Watching Oldman and Bridges work accounts for the rest. Christian Slater has a nice turn as a politically ambitious freshman congressman, Saul Rubinek and Philip Baker Hall do their usual solid character work, COLD CASE's Kathryn Morris is fun as a gregarious FBI agent, and Mike Binder, who went on to direct Allen in THE UPSIDE OF ANGER, plays a sleazy political operative with the same authenticity he played a sleazy radio exec in the latter, but Oldman plays a villainous congressman with relish and baleful glee, as opposed to the increasingly pro forma villains he spent the '90s playing. I often hear Oldman's resurgence pinpointed to 2004's BATMAN BEGINS, but here he is in 2000, having at it.

Which leaves Bridges.

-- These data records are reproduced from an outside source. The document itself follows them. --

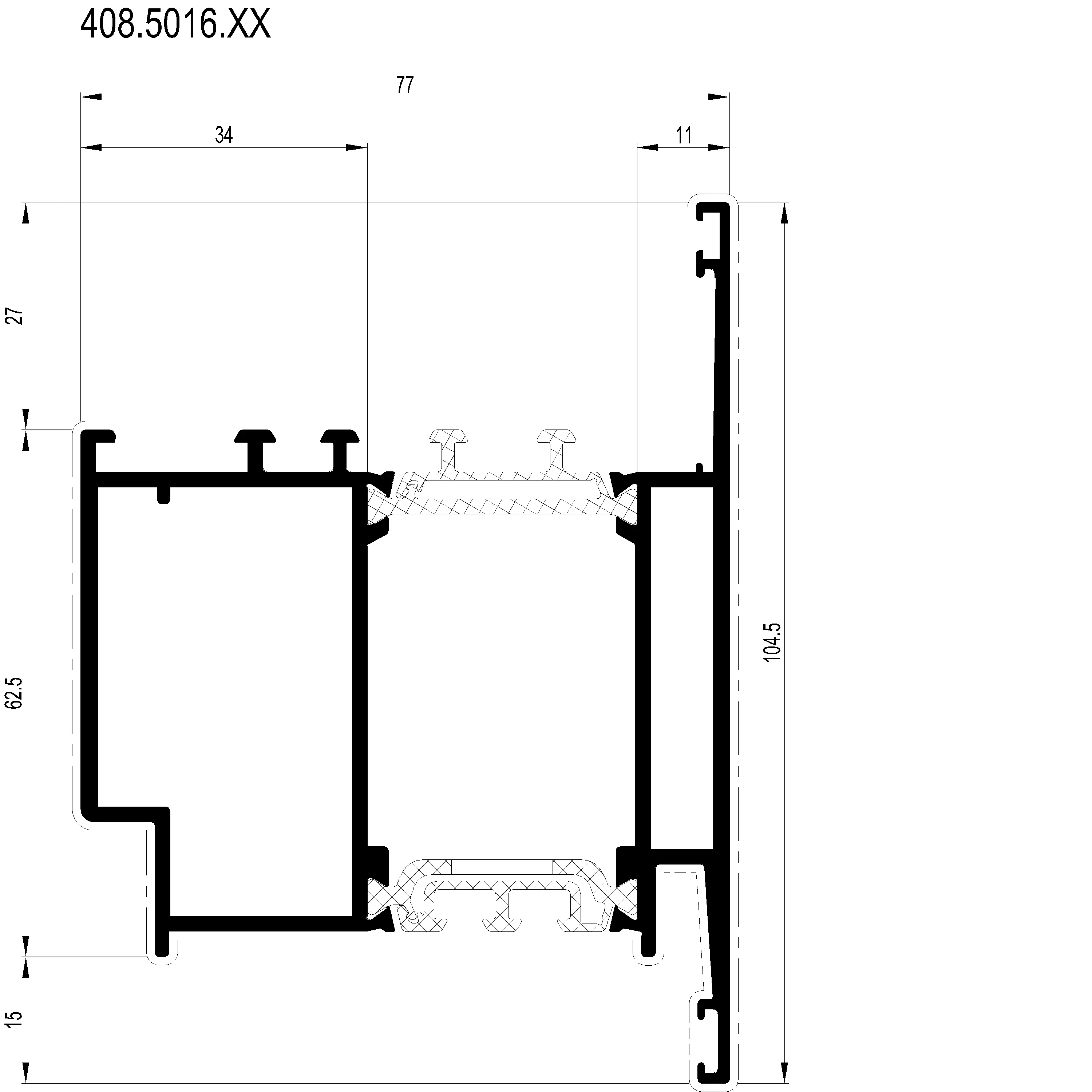 Зображення Вентиляційний профіль зовнішнього відкривання 104.5 мм [408.5016]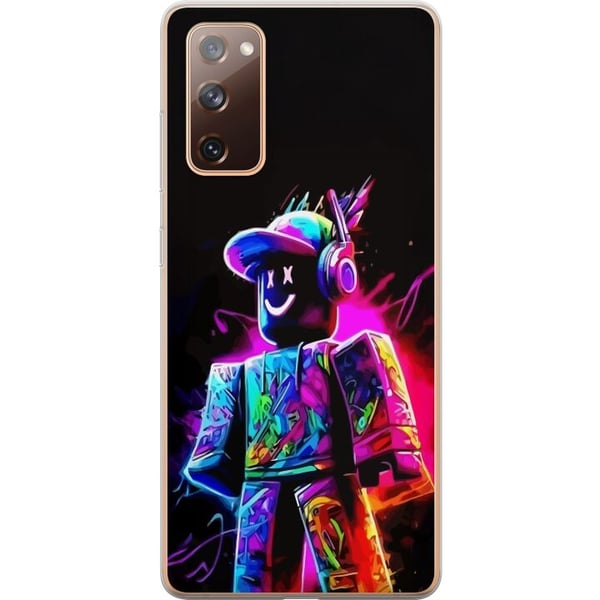 Kompatibel Mobilcover til Samsung Galaxy S20 FE Roblox Neon Player Farverig Roblox-figur i neonfarver mod sort baggrund i moderne gamingstil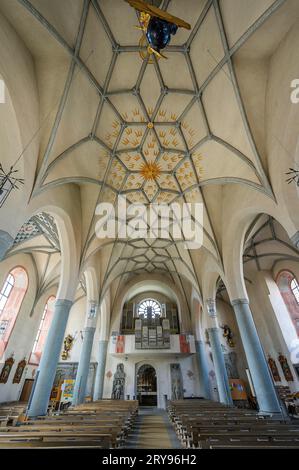 Orgue loft, église collégiale catholique romaine de St. Philipp et St. Jakob, l'église paroissiale actuelle est un bâtiment classé, Bad Groenenbach, Bavière Banque D'Images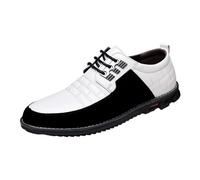 Chaussures de mariage vintage à lacets pour homme - Bout rond - En cuir - Antidérapantes - Large - Pour le bureau et les loisirs, blanc, 39 1/3 EU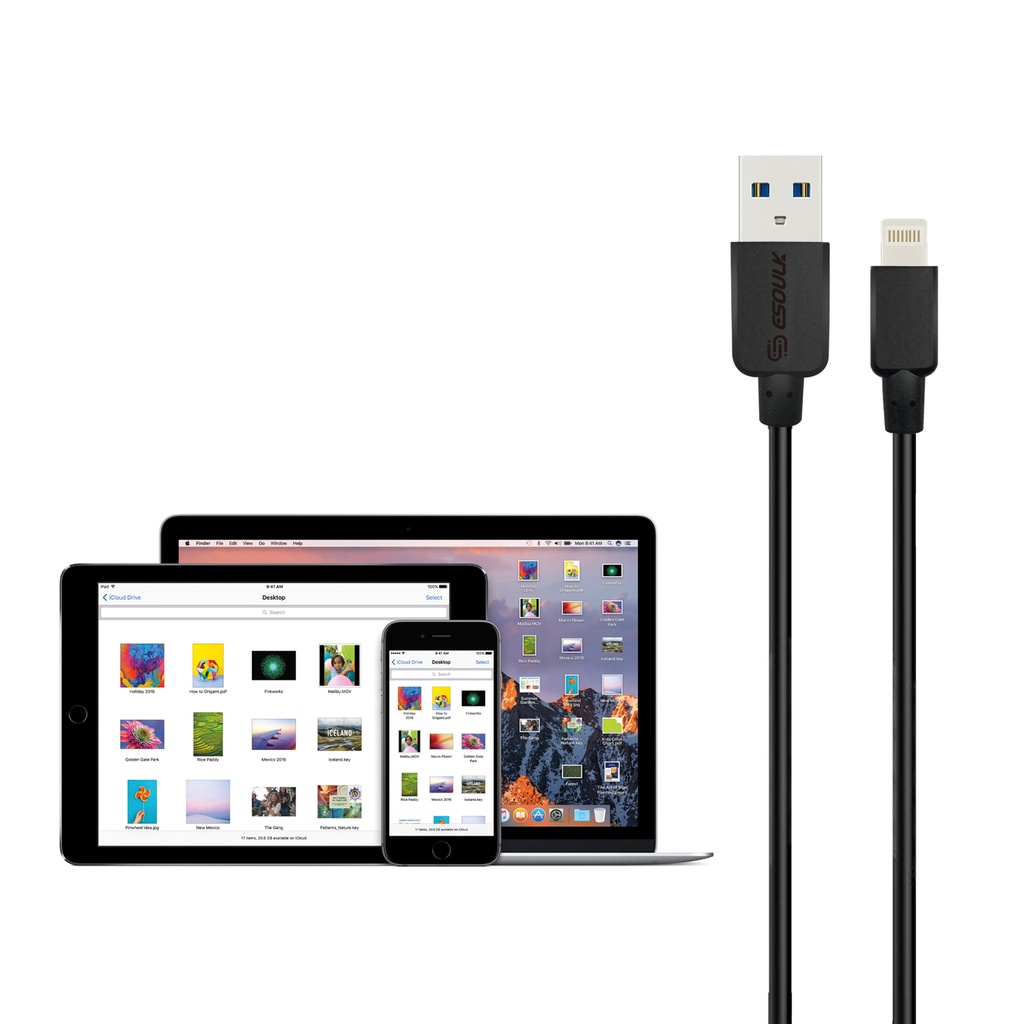 Esoulk 5ft Round Cable For iPhone 1.5A - Black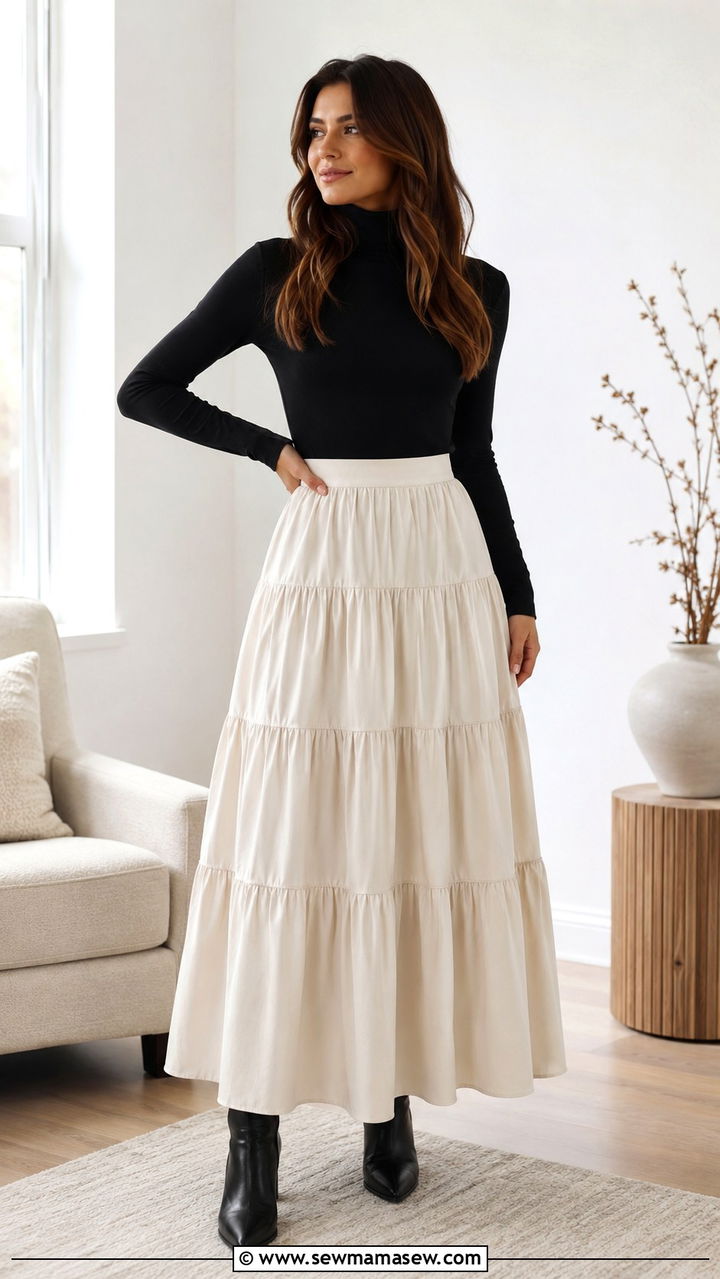 Tiered Maxi Skirt and Fitted Turtleneck - 30 Outfit ideas for long torso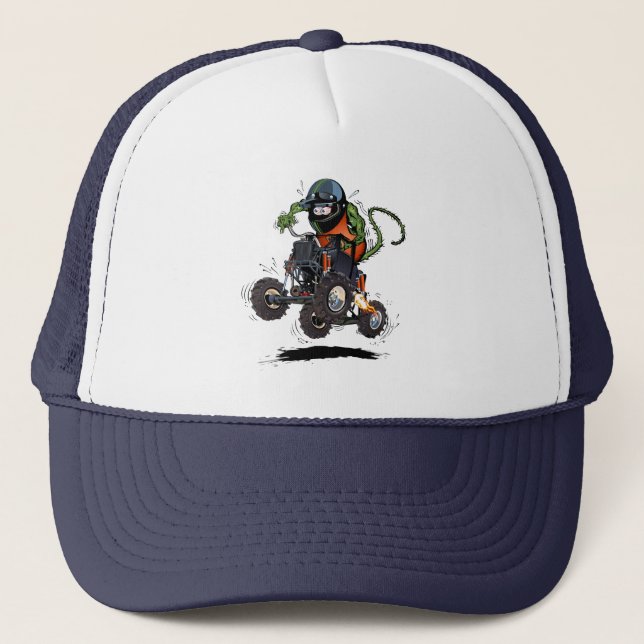 Cartoon hot rod trucker hat (Front)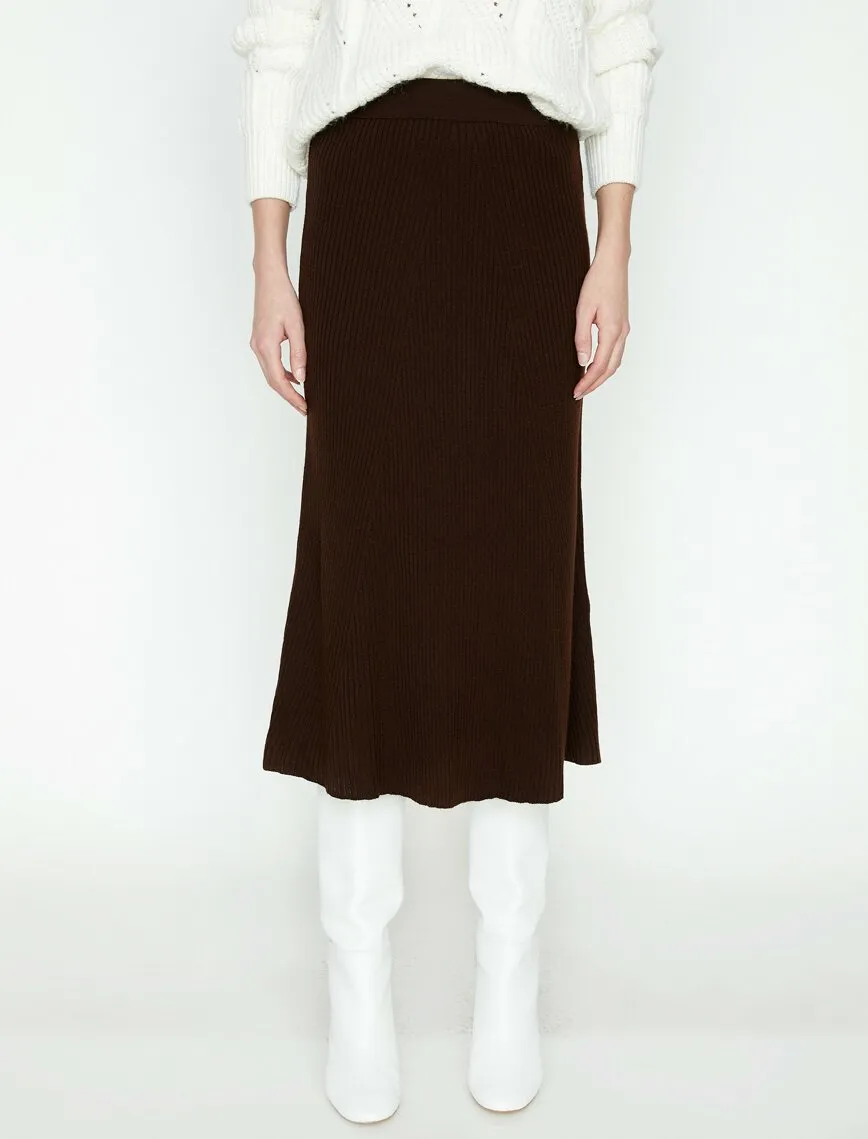 12271 Brown Knitwear Midi Skirt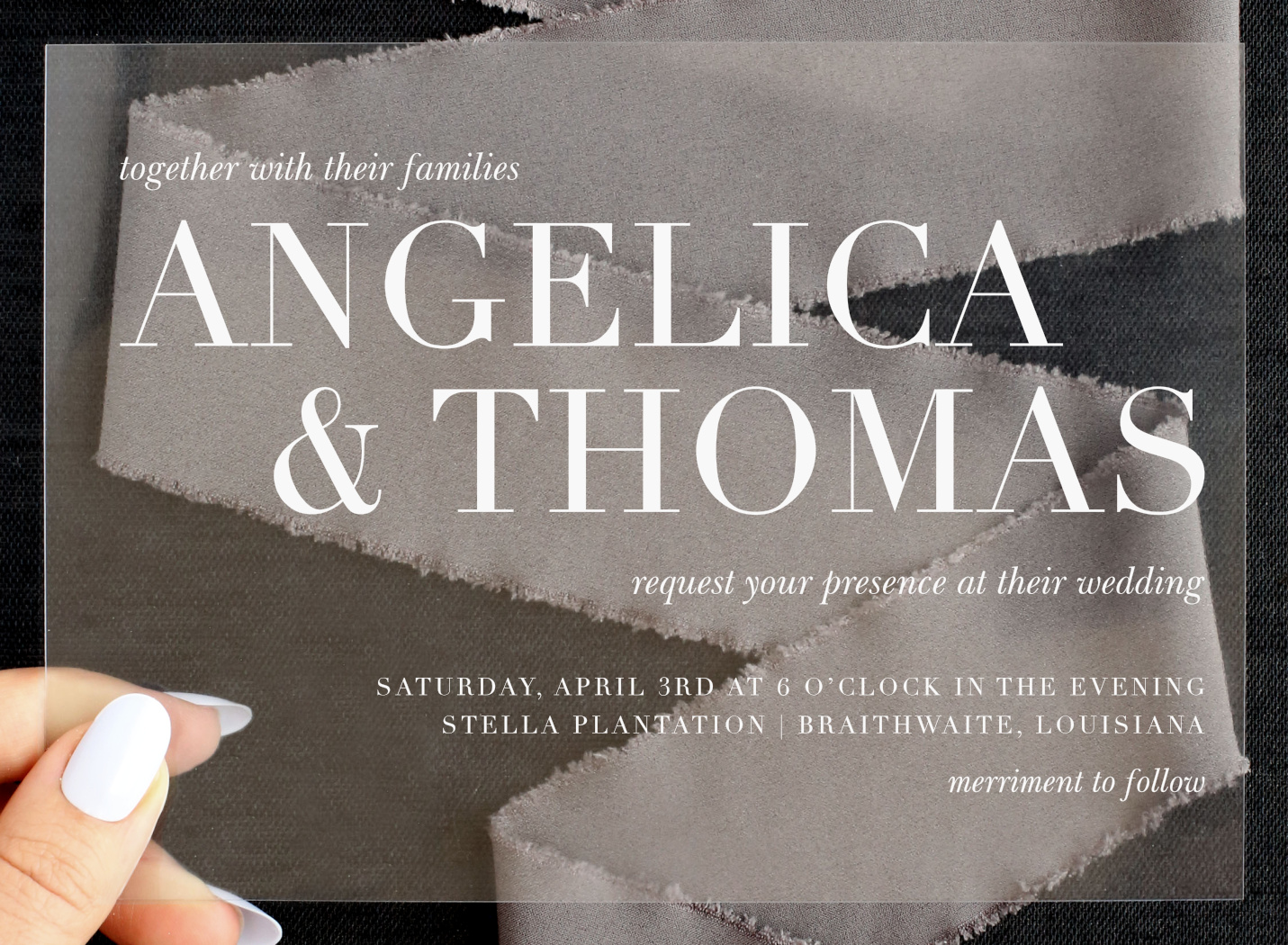 Classic Editorial Clear Wedding Invitations
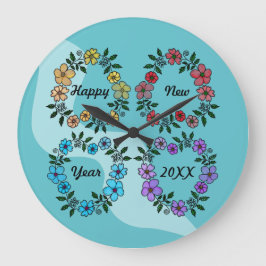 RELÓGIO GRANDE FELIZ ANO NOVO 20XX PERSONALIZADO E FLOWERS WREATH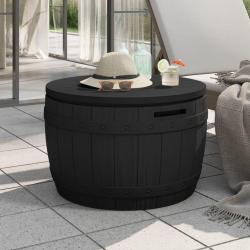 Boîte de rangement de jardin 3 en 1 noir polypropylène alsavelo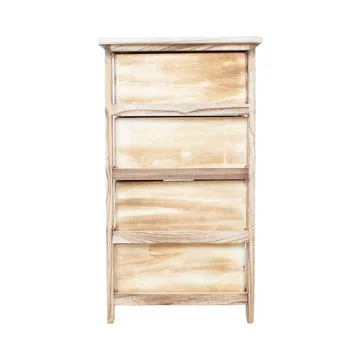 Kommode HOME4YOU Mihkli med 4 opbevaringsrum 40x29x73 cm Natur - Natur - Opbevaring - Opbevaringsmøbler - Kommode - Entrékommode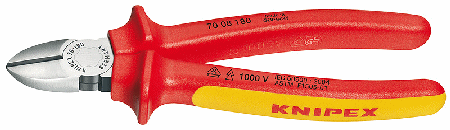 7-1/4" Diagonal Cutters, Polished, Insulated Comfort Grip
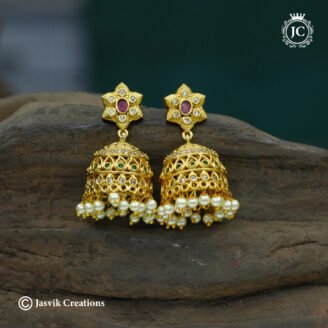 Antique Star Floral AD & Multi-Stone Jhumkas with Pearl Drops - JCER300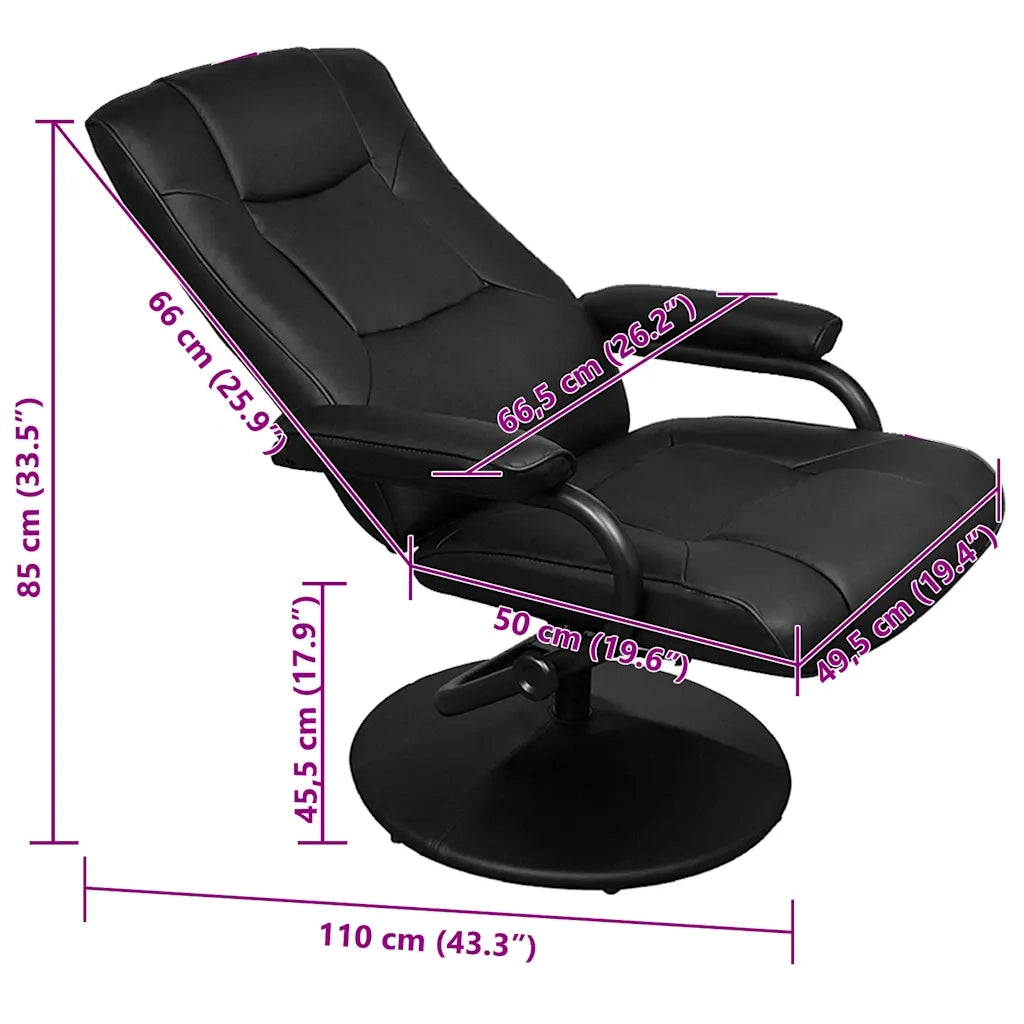 Poltrona TV con Poggiapiedi Nera in Similpelle 241535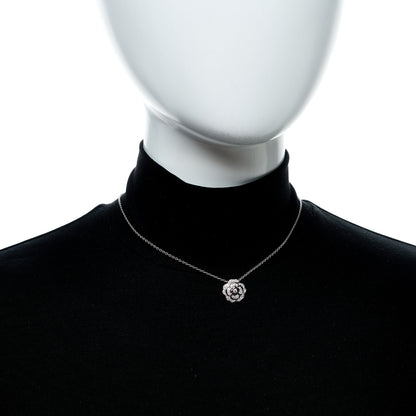 Chanel 18K White Gold Diamond Bouton de Camelia Pendant Necklace 2 of 6
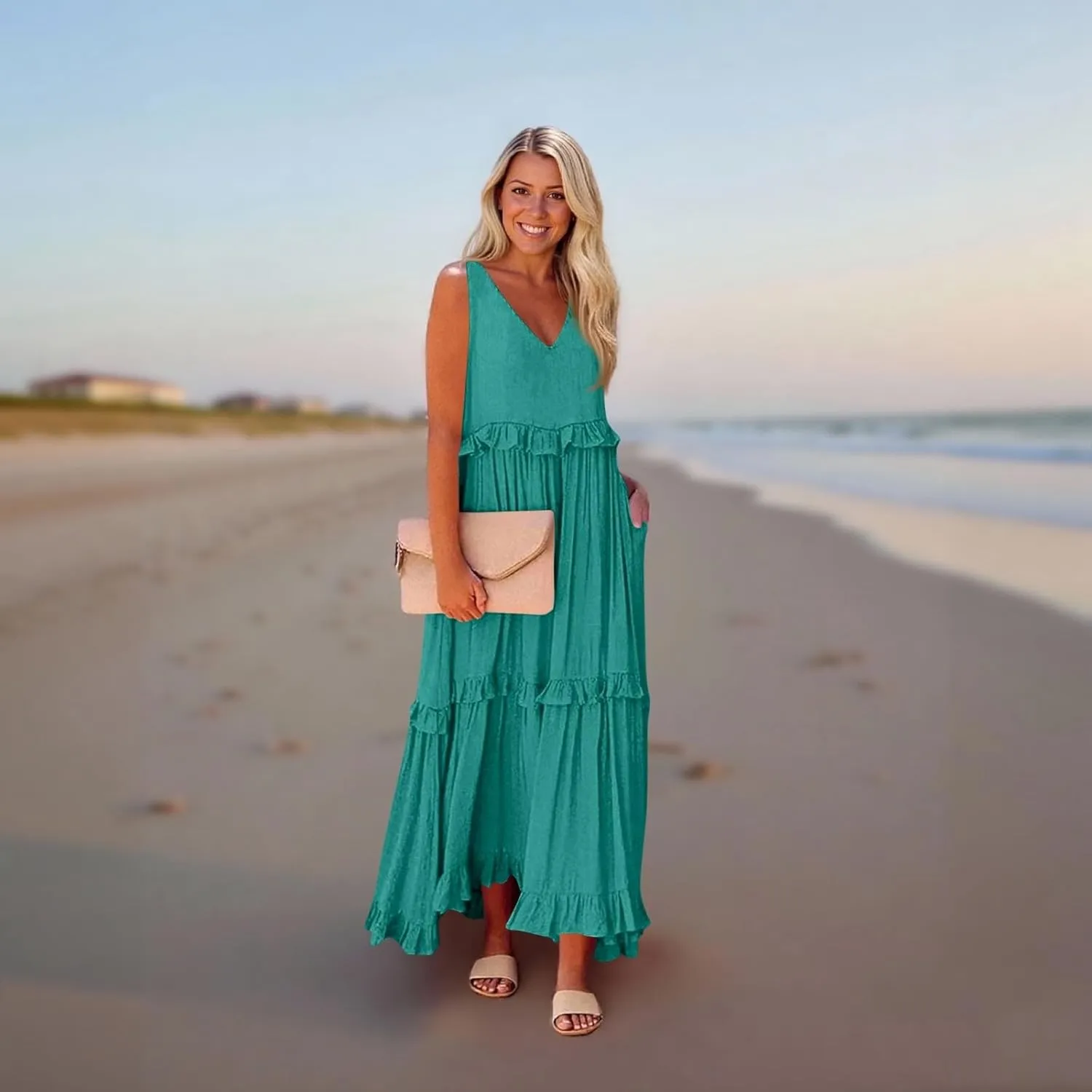Plus Size Dresses for Curvy Women Summer Casual V-Neck Smocked Maxi Dress Loose Flowy Ruffle Sundress with Pockets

Like others, I grew up watching Bridges in countless movies - KING KONG, THUNDERBOLT&LIGHTFOOT, TRON, STARMAN, THE FISHER KING, WHITE SQUALL, THE BIG LEBOWSKI - yet never understood him as a national goddamn treasure until TRUE GRIT and CRAZYHEART and HELL OR HIGH WATER made it undeniable. If I missed the overall excellence as I saw those movies, it is the greatest of pleasures now to revisit them and see what I ought to have then. His President Evans reminds me of Jeff Bridges, Interview Subject. Bridges has this ability to be warm and engaged and welcoming in his interviews even as he tells reporters exactly what he wants them to hear. He's interesting yet never revelatory. That's Evans's style. I don't know whose idea it was to make Evans drunk on his ability to order any food he wants at anytime, but it's a wonderful, repeated bit of business, particularly when he invites Slater's trecherous congressman to share a shark-steak sandwich.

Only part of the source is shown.